Recorded information –
----------
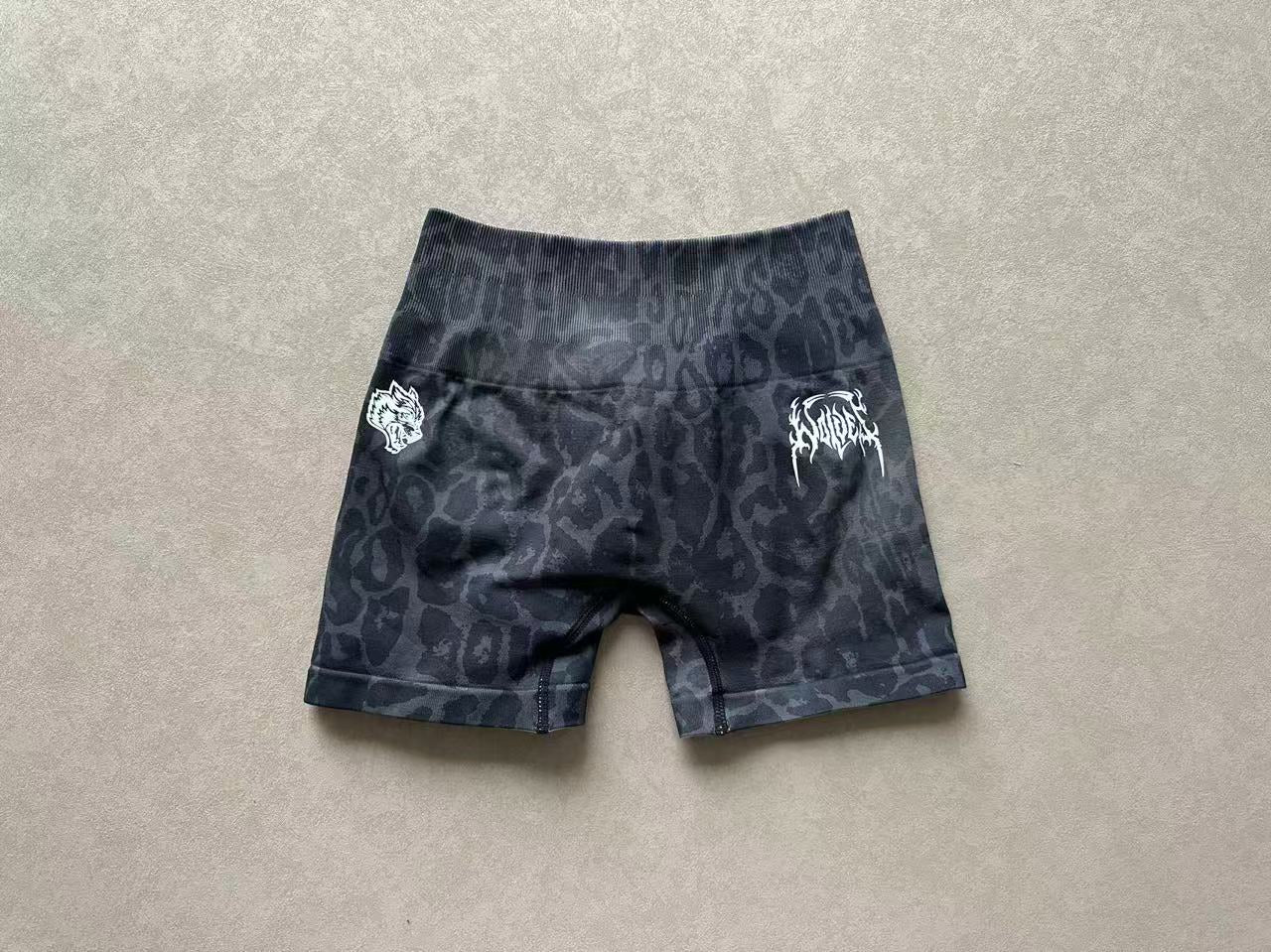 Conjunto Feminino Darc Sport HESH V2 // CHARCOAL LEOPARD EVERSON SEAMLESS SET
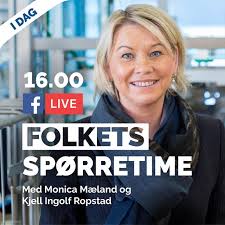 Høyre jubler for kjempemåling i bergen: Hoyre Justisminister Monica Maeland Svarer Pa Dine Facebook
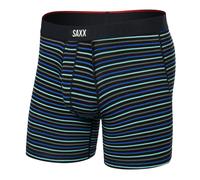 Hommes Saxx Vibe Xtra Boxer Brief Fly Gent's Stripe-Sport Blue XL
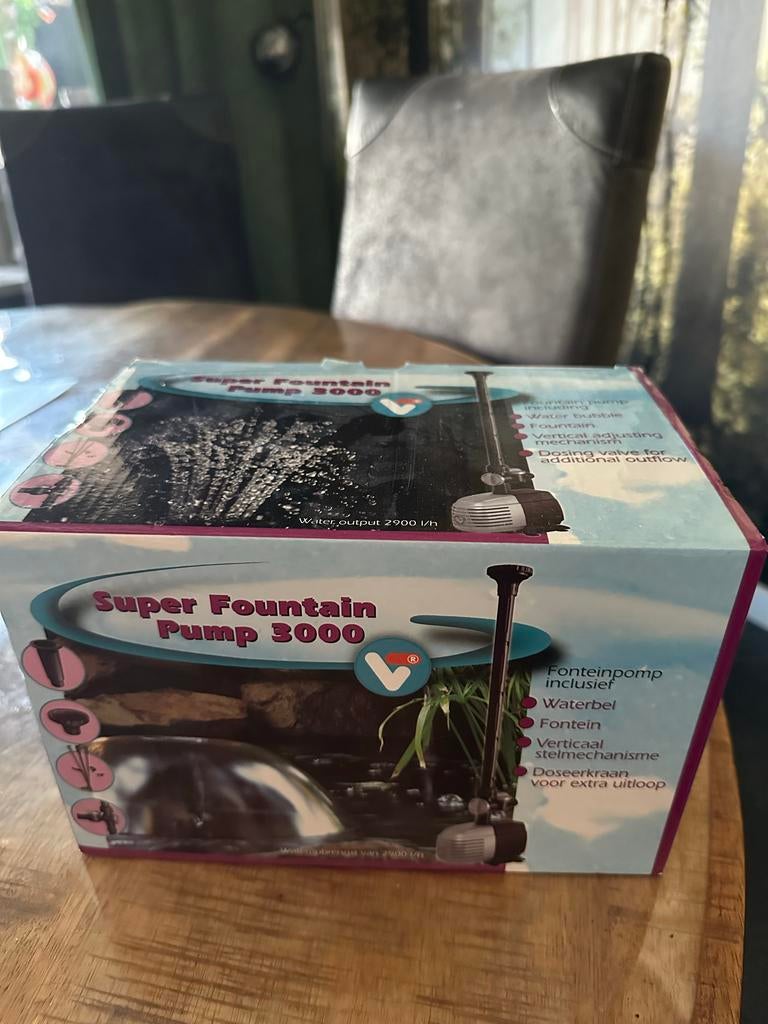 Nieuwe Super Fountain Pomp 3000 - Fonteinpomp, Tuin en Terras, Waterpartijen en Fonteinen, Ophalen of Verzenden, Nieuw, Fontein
----------
From the line holding "Høyre jubler for" to the last line of the listing, please output each line exactly as it stands. Pictures stay out of the copy.

Response to the task –
 Høyre jubler for kjempemåling i bergen: Hoyre Justisminister Monica Maeland Svarer Pa Dine Facebook
 Hommes Saxx Vibe Xtra Boxer Brief Fly Gent's Stripe-Sport Blue XL
 Nieuwe Super Fountain Pomp 3000 - Fonteinpomp, Tuin en Terras, Waterpartijen en Fonteinen, Ophalen of Verzenden, Nieuw, Fontein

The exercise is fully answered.